Figure 60.2. AddressDoctor Parameters
Input mapping determines what will be processed. You work with a wizard that lets you do the settings in two basic steps:
Select address properties form all AddressDoctor internal fields ("metadata") that are permitted on the input. Field names are accompanied by a number in parentheses informing you how many fields can form a property ("output metadata"). For instance "Street name (6)" tells you the street name can be written on up to 6 rows of the input file.
Figure 60.3. Input mapping wizard
Specify the internal mapping of AddressDoctor - drag input fields you have chosen in the previous step on the available fields of the Input mapping.
Examine the summary of the input mapping.
Figure 60.4. Input mapping wizard
Output mapping - here you decide what will be mapped to the output, i.e. the first output port. Optionally, you can map data to the second "error" port (if no such mapping is done, error codes and error messages are generated).
Similarly to Input mapping, you do the configuration by means of a clear wizard comprising these steps:
Select address properties for mapping.
Specify particular output mapping. That involves assigning the internal fields you have selected before to output fields.
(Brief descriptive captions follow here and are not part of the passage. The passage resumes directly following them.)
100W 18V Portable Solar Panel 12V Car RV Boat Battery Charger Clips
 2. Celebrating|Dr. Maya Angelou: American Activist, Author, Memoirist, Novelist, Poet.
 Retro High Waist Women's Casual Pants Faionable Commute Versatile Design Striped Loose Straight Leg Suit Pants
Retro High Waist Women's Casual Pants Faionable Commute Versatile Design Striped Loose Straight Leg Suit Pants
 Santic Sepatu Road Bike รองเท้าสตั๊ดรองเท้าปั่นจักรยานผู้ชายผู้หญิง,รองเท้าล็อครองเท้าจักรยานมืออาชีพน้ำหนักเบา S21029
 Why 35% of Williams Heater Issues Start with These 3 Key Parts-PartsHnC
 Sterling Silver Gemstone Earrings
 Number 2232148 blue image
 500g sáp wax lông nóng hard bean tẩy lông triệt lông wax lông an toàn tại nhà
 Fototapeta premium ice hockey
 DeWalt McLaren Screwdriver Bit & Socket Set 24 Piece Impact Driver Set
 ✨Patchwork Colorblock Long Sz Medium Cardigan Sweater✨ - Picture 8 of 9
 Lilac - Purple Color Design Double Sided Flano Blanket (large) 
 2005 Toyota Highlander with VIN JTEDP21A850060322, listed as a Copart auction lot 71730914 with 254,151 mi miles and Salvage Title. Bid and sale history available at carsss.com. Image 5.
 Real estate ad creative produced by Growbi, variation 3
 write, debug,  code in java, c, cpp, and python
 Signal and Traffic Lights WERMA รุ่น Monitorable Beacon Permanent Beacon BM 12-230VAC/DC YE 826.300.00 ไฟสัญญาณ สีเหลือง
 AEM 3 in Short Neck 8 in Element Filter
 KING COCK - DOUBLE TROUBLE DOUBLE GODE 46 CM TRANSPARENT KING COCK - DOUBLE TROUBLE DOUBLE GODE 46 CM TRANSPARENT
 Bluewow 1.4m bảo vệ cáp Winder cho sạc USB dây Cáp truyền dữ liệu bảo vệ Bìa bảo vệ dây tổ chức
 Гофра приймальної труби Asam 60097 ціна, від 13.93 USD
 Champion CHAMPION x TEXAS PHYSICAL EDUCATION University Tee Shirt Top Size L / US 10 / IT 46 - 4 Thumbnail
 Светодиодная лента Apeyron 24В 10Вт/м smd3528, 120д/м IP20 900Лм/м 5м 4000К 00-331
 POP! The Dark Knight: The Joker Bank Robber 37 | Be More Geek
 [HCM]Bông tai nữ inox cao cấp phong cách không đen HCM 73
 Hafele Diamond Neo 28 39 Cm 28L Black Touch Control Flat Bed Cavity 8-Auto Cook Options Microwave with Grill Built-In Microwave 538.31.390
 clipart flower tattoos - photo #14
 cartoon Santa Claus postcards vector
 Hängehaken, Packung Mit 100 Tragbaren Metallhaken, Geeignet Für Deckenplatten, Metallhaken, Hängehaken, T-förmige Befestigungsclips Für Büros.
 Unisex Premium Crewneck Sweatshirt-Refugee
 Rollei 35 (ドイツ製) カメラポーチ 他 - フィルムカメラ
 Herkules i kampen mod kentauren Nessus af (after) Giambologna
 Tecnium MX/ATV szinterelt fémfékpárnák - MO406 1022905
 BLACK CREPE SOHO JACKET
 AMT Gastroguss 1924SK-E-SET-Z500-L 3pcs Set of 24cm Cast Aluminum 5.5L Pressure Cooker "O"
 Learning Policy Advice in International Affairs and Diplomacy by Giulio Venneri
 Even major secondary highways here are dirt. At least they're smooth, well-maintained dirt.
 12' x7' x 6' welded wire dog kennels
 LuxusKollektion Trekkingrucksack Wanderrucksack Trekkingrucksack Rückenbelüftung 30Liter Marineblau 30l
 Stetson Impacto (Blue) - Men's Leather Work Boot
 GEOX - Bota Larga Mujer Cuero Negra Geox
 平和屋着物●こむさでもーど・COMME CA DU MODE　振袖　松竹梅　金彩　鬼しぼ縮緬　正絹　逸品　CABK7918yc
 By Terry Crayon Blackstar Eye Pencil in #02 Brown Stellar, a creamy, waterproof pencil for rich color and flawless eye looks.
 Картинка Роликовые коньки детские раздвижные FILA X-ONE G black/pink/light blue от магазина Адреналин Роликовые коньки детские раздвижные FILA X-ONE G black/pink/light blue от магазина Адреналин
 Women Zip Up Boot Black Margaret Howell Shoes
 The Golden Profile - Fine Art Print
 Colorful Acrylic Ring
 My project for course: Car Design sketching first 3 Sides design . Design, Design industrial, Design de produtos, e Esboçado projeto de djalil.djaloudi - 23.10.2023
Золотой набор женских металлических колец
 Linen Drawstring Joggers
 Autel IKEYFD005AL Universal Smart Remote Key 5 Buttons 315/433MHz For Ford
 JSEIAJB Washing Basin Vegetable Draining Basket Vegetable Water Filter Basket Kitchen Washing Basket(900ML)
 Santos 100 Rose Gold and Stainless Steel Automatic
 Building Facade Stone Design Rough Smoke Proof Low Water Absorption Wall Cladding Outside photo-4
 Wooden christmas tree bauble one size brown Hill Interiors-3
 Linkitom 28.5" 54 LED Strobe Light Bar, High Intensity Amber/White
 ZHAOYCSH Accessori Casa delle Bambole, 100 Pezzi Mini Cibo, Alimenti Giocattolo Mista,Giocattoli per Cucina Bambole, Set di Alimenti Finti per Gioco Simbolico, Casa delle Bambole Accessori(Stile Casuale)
In the Error port tab, design a structure of the error output (its fields) that is sent to the second output port if the component cannot perform the address transformation.
Figure 60.5. Output mapping
Examine the summary of the output mapping.
The Number of threads attribute can be used to increase the throughput of the component by using additional threads for address processing.
Multithreading is also influenced by the Configuration attribute. Max thread count is a total limit on the number of threads concurrently accessing the AddressDoctor library (e.g. from multiple AddressDoctor components). Typically it can be set to the same number as Number of threads attribute if using one AddressDoctor component. Additionally, for each thread requested by Number of threads two address objects will be used (see Max address object count in Configuration).
Multithreading preserves the order of output records.
Tip | |
---|---|
It is recommended to use full database preloading to prevent the threads from blocking on file system calls. The Max memory usage option should be configured accordingly to accommodate all the used databases and address objects. |
If a graph fails with the message Error: A database file has not been found
.
Check the path pointing to the database file to be correct.
Check the country of data being processed. You might not have a database for particular country.